▸ **Problem**: Transcription, pictures excluded: write out the data below exactly.

▸ **Available data**:
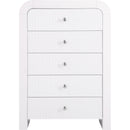  Color_White -- Artisto White Ash Veneer Chest IMAGE 6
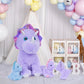 Maogolan 4 Pcs Dinosaur Stuffed Animals For Girls,Purple Stuffed Dinosaurs Plush Toys Set For Toddlers, Mummy Dinosaur With 3 Baby Triceratops Plushies, For Kids
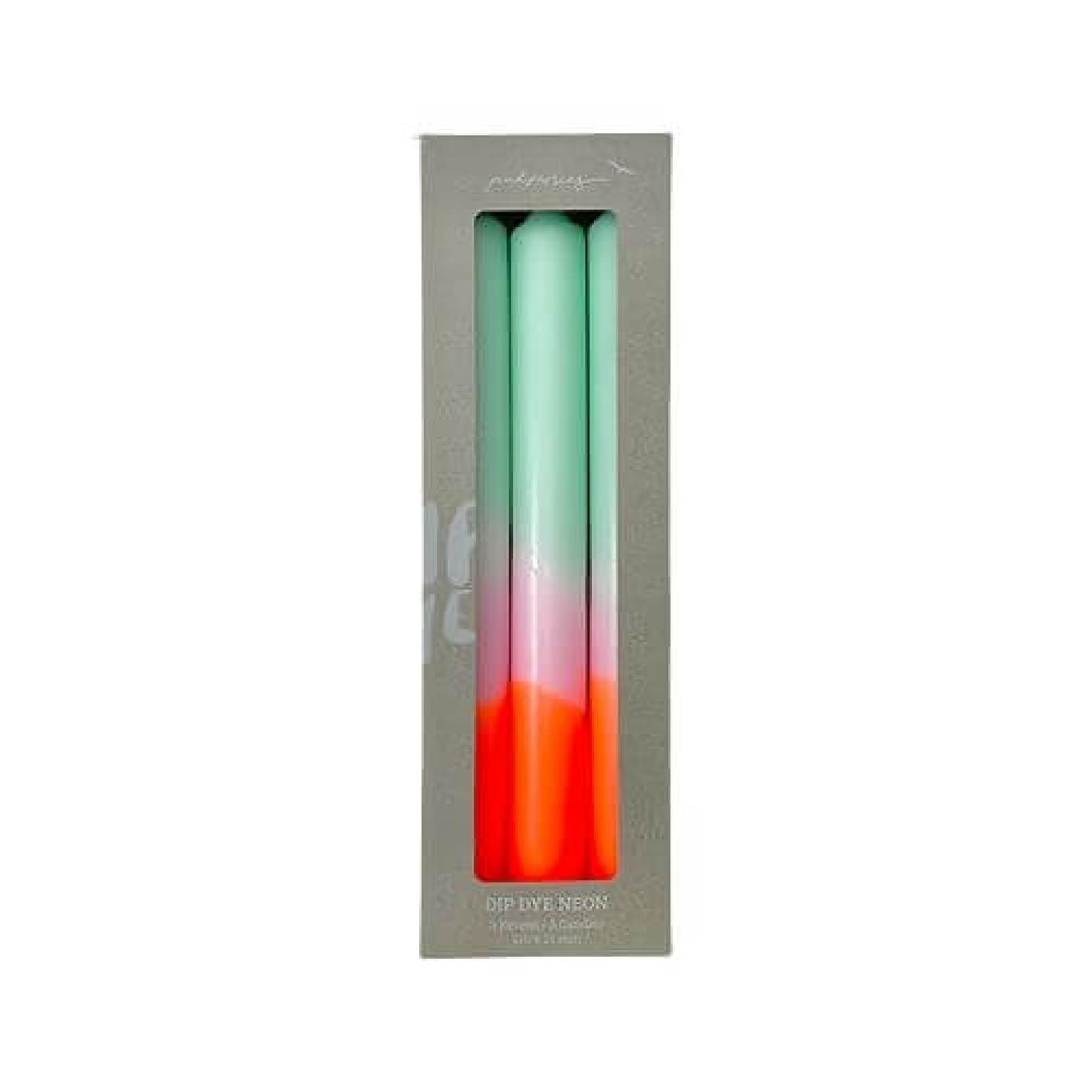 Dip Dye kaars Neon - Spring Sorbet; Afbeelding: 2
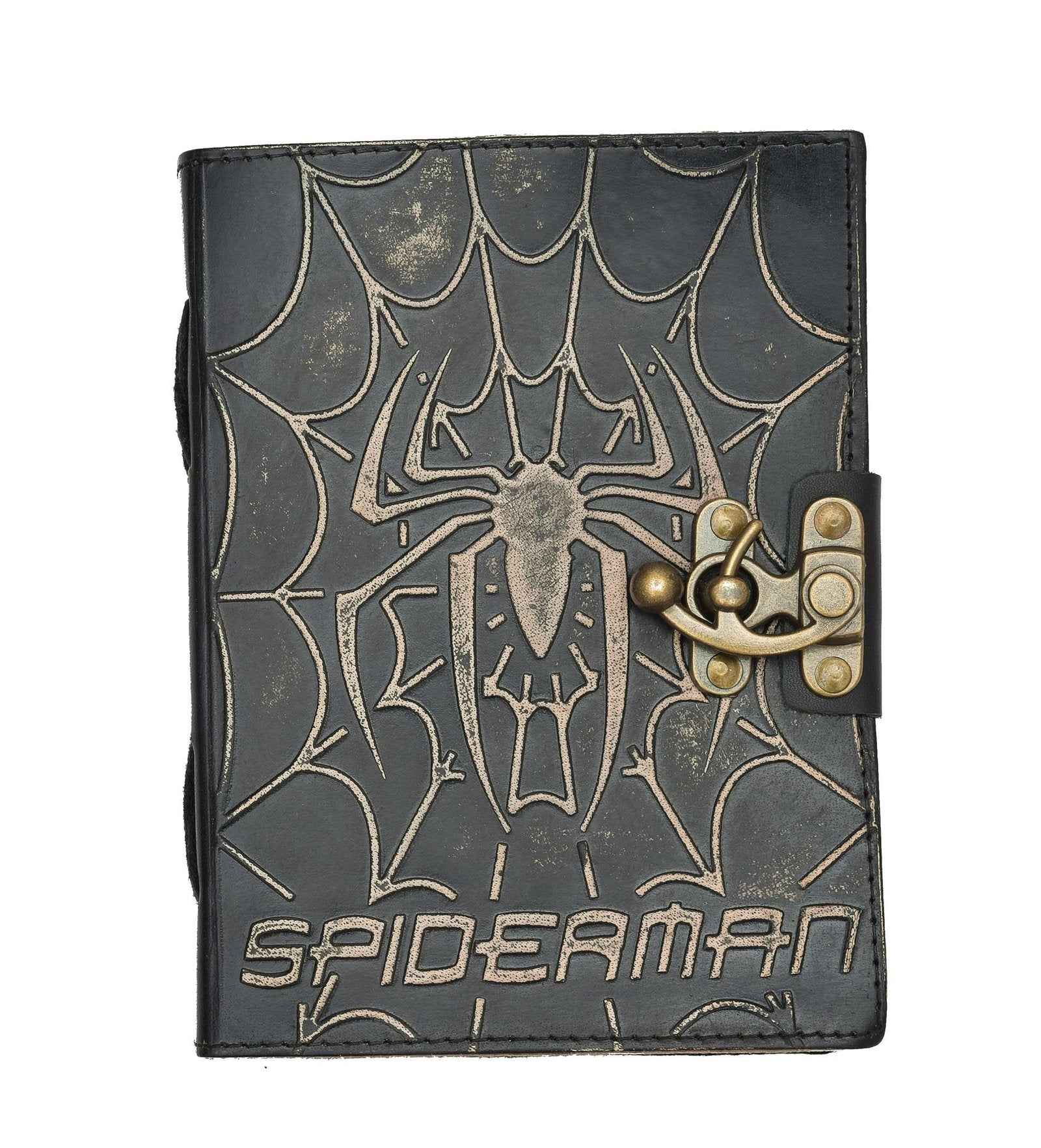 Genuine Leather Diary-Vintage Handmade Leather Journal-Premium Antique LOCK Closure-200 Handmade Deckle Edge Antique Pages -20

▸ **Output for this exercise**:
  Color_White -- Artisto White Ash Veneer Chest IMAGE 6
 Maogolan 4 Pcs Dinosaur Stuffed Animals For Girls,Purple Stuffed Dinosaurs Plush Toys Set For Toddlers, Mummy Dinosaur With 3 Baby Triceratops Plushies, For Kids
 Dip Dye kaars Neon - Spring Sorbet; Afbeelding: 2
 Genuine Leather Diary-Vintage Handmade Leather Journal-Premium Antique LOCK Closure-200 Handmade Deckle Edge Antique Pages -20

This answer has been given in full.